After doing his undergraduate work at Dartmouth College in 1992, Ed Hopkins spent 12 years in software development. Recently, the state of the economy forced his return to school. In 2004, he finished his master's at Thayer School of Engineering, Dartmouth College (B.E., M.S., 2004), where he designed an inertial measurement unit for his B.E. project and his thesis was titled "Nonlinear System Identification for High Dimensional Systems."
Currently, he is working for SignalQuest of Lebanon, NH. In the fall, he will be starting his Ph.D. program at Thayer in lasers and fiber optics.
Project: System Identification for Continuous Cellular Automata
The fundamental problem in system identification is to model reality. Traditionally, analytical equations are used to represent various properties and characteristics in systems. For example, if a baseball is thrown, dynamics teaches us to use projectile motion to describe the trajectory of the baseball. The initial time, height, velocity, and acceleration are specified, and the accepted value for the earth's gravity. These values are fed into the projectile motion equation, and the coordinates of the ball at t seconds from time of relase can be computed with reasonable accuracy.
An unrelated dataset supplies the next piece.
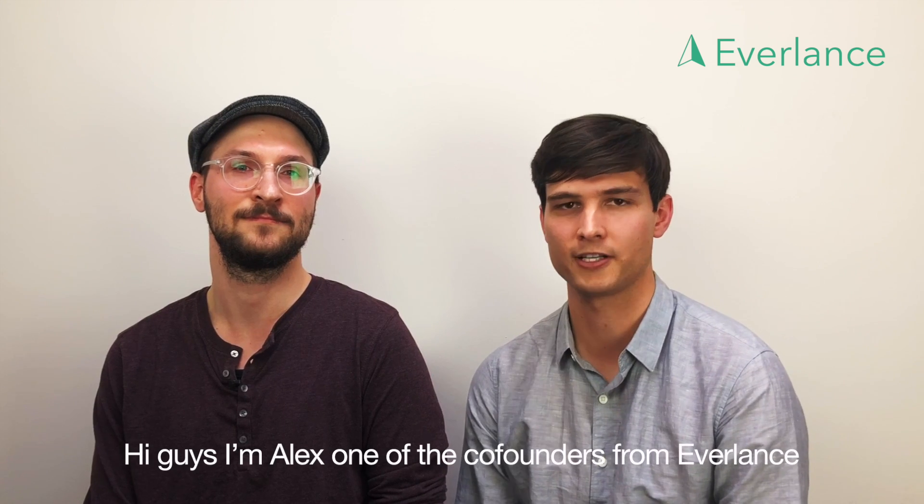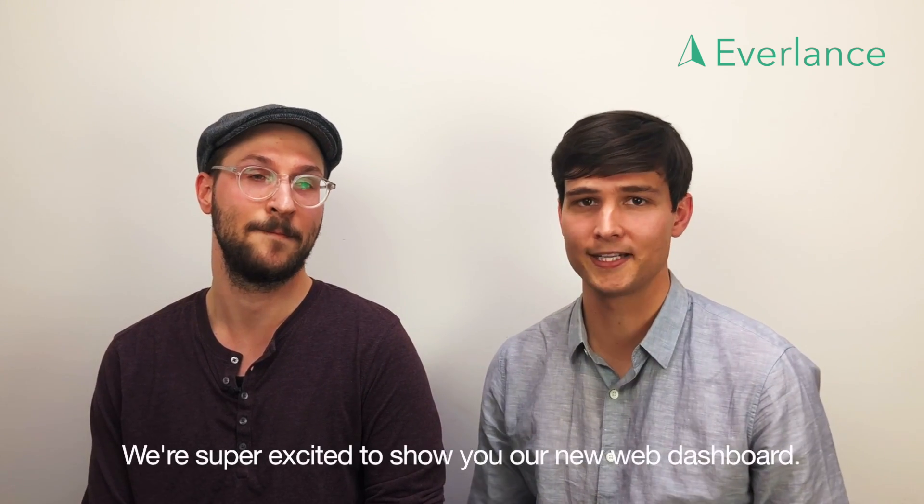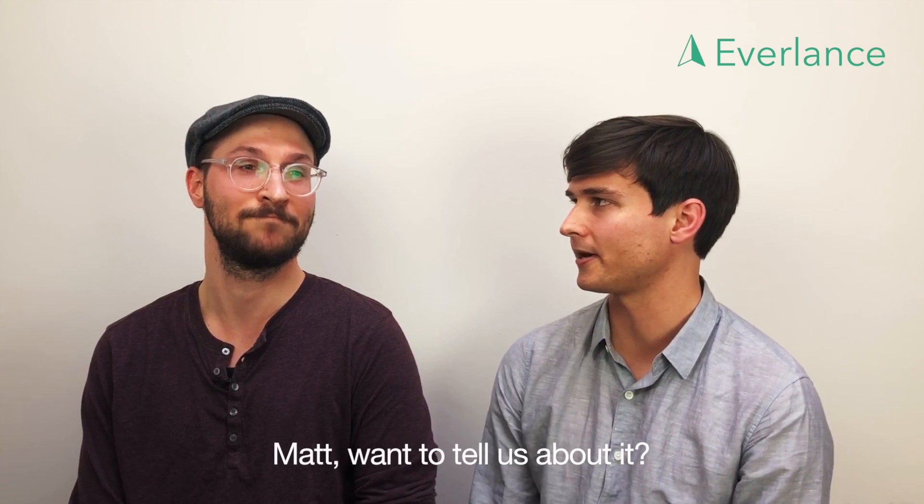Hi guys, I'm Alex, one of the co-founders from Everlance. And I'm Matt, the lead web engineer. We're super excited today to show you our new web dashboard. Matt, do you want to tell us about it?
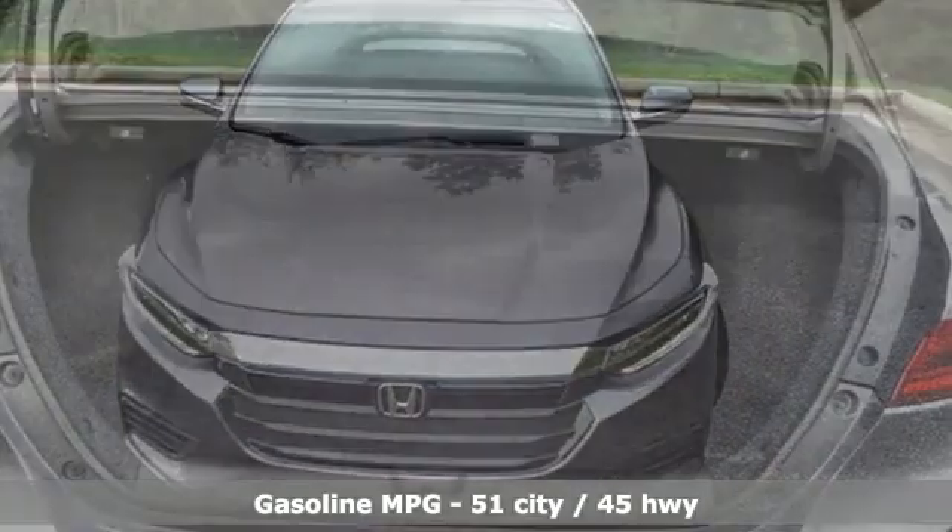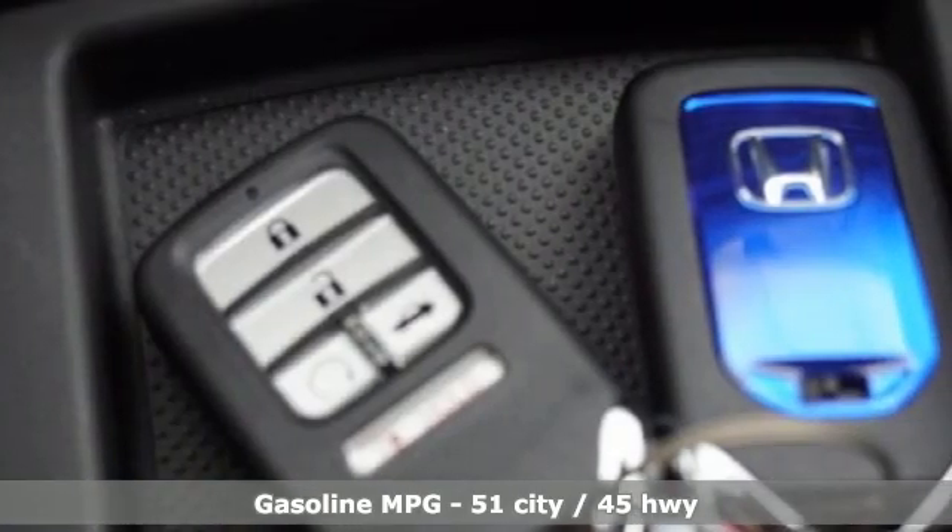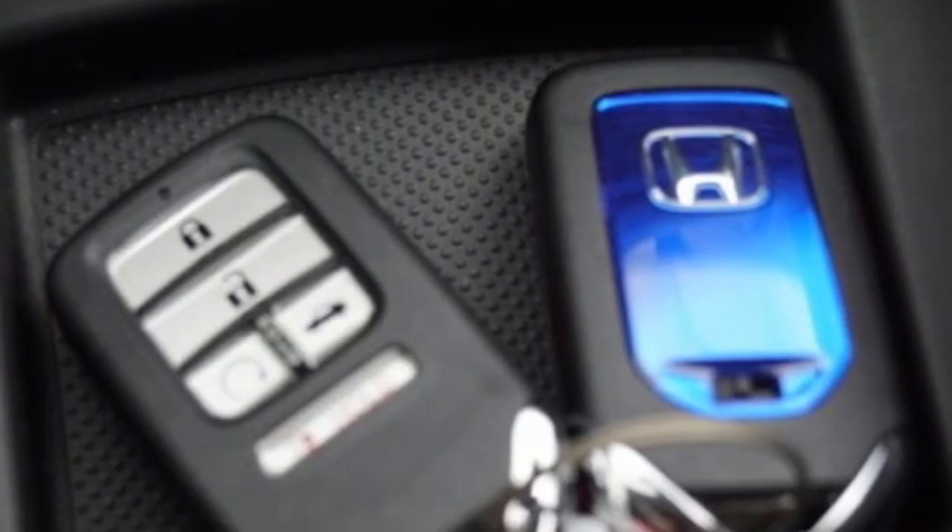It's well equipped with the features you need: integrated navigation system, Wi-Fi hotspot, front heated leather bucket seats, and auto dimming rear view mirror.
Many problems can be addressed with sets of differential equations, and if these problems are not solvable analytically they are frequently solvable numerically. In numerical solvers, the problem is typically phrased in a continuous context, but then is discretized as part of the numerical solution procedure.
However, many problems in nature cannot be addressed with sets of differential equations. Some "simple" examples include the growth of plants and trees, and shorelines such as the fjords of Norway and Sweden. Fractals have been developed that adequately mimic this behavior but do not provide a mathematical foundation, and they fail to address significantly complex biological modeling problems such as the response of the human immune system to hantaviruses.
With cellular automata, it is not as straightforward to fit a rule to a situation like the baseball's motion. We'd like to explore methods for using continuous cellular automata (CAs)for modeling. In particular, given an image we'd like to find parameters a, b, and c so that Fractional_Part[a + (b x) + (c x^2)] gives close approximation.
Finally, a useful and practical implementation of this approach would be to scan an image (generating a 2D bitmap) and conduct a modeling fit to a continuous cellular automaton.
Favorite Two-Color, Radius-2 Rule
Rule chosen: 4
My favorite two-color two-step range rule is rule 4 because it translates into the math equation y = x. From a system identification perspective one could potentially back out the system physics from raw data converted into NKS format. Although these sorts of binary discrete automata are generally considered "one dimensional" in NKS terminology, I would point out that truly they are two dimensional as vertically they change over successive iterations (time steps). Therefore one can represent two-dimensional systems with one-dimensional automata, three-dimensional systems with two-dimensional automata, and so on.